Ketika Racun Dakhanun Melanda


lemongrass_1600.jpg

Saturday, 08 September 2007

Suatu kali Nabi shallallahu alaihi wa sallam pernah di tanya tentang dakhanun. Beliapun menjawab, “… Suatu kaum yang mensunnahkan selain sunnahku dan memberi petunjuk dengan selain petunjukku. Jika engkau menemui mereka maka ingkarilah. Aku bertanya : Apakah setelah kebaikan itu ada keburukan ?. Beliau bersabda : Ya, da’i – da’i yang mengajak ke pintu Jahannam. Barangsiapa yang mengijabahinya, maka akan dilemparkan ke dalamnya. Aku (Hudzaifah Ibnul Yaman) bertanya, ‘ Wahai Rasulullah, berikan ciri-ciri mereka kepadaku. Beliau bersabda, ‘Mereka mempunyai kulit seperti kita dan berbahasa dengan bahasa kita. Aku bertanya : Apa yang engkau perintahkan kepadaku jika aku menemuinya ?. Beliau bersabda : Berpegang teguhlah pada Jama’ah Muslimin dan imamnya.
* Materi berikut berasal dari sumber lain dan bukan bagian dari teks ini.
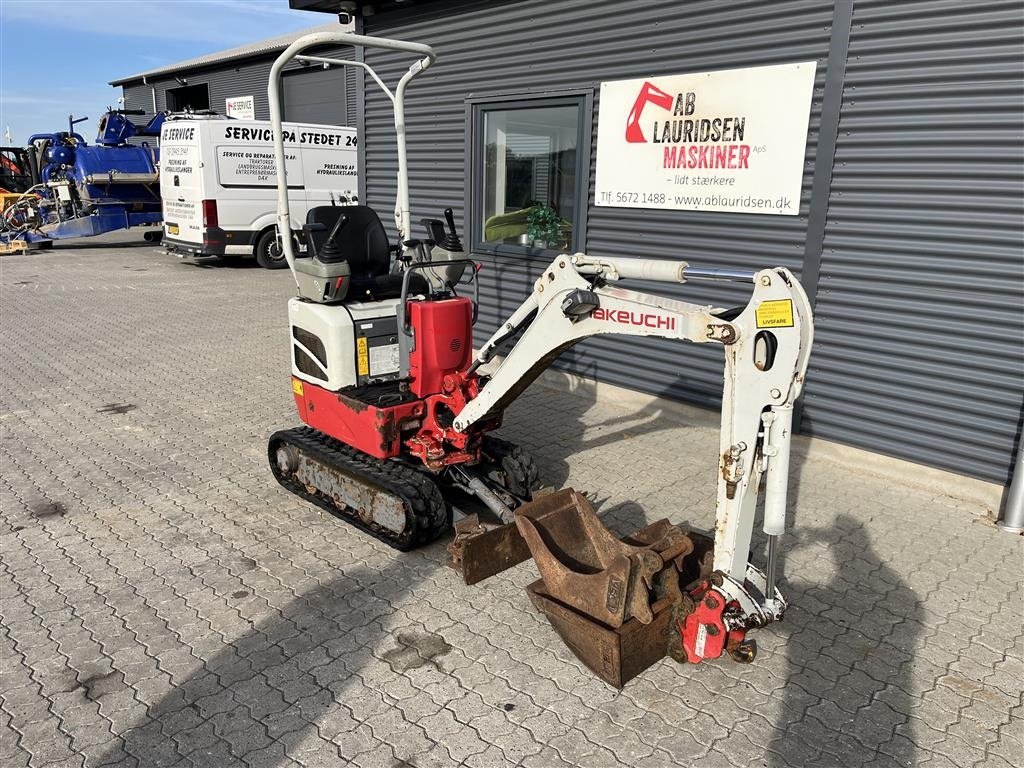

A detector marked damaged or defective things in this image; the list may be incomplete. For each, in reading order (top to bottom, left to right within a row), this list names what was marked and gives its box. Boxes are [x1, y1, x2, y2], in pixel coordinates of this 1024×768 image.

Aku bertanya : Bagaimana jika tidak ada jama’ah maupun imamnya ? Beliau bersabda : Hindarilah semua firqah itu, walaupun dengan menggigit pokok pohon hingga maut menjemputmu sedangkan engkau dalam keadaan seperti itu.” (Riwayat Bukhari, Muslim Baghawi, Ibnu Majah, Hakim, Abu Dawud, Ahmad hadits dari Hudzaifah Ibnul Yaman)
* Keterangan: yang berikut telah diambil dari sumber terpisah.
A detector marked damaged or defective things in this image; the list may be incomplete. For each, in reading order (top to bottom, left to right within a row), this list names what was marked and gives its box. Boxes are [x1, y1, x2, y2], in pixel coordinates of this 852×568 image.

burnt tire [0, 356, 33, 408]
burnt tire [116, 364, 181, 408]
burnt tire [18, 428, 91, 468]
Ibnu Hajar mengartikan dakhanun dengan hiqd (kedengkian), atau daghal (penghianatan dan makar), atau kerusakan hati, semua itu mengisyaratkan bahwa kebaikan yang datang setelah keburukan tersebut tidak murni, akan tetapi keruh (Fathul Bari XIII/36)
Imam Nawawi mengutip perkataan Abu ‘Ubaid yang menyatakan bahwa arti dakhanun adalah seperti yang disebut dalam hadits lain,”Tidak kembalinya hati pada fungsi aslinya.” (syarh Shahih Muslim XII/236-237)
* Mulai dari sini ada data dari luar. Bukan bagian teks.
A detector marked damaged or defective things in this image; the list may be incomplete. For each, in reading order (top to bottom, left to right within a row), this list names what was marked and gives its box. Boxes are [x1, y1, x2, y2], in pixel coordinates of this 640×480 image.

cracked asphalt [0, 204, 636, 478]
Sodaraku, manhaj lurus Rabbbaniyyah tak hanya memberi pengajaran yang benar kepada hamba yang pengin mengikuti titian orang-orang beriman(Sabilul mukminin), namun juga membeberkan dan membongkar kedok kebatilan orang-orang yang demen berbuat dosa(sabilul mujrimin). Allah menyatakan, “Dan demikianlah, kami jelaskan ayat-ayat, supaya jelas jalannya orang-orang yang suka berbuat dosa”. (Al-An’am : 55)
Hal ini karena kejelasan jalan orang-orang yang suka berbuat dosa (sabilul Mujrimin) secara langsung menjelaskan sabilul mu’minin. Karenanya istibanah (kejelasan) sabilul Mujrimin merupakan salah satu sasaran ayat-ayat Qurani. Makanya menyingkap rahasia kekufuran dan kekejian menjadi kebutuhan yang sangat mendesak untuk menjelaskan keimanan, kebaikan, dan kemaslahatan.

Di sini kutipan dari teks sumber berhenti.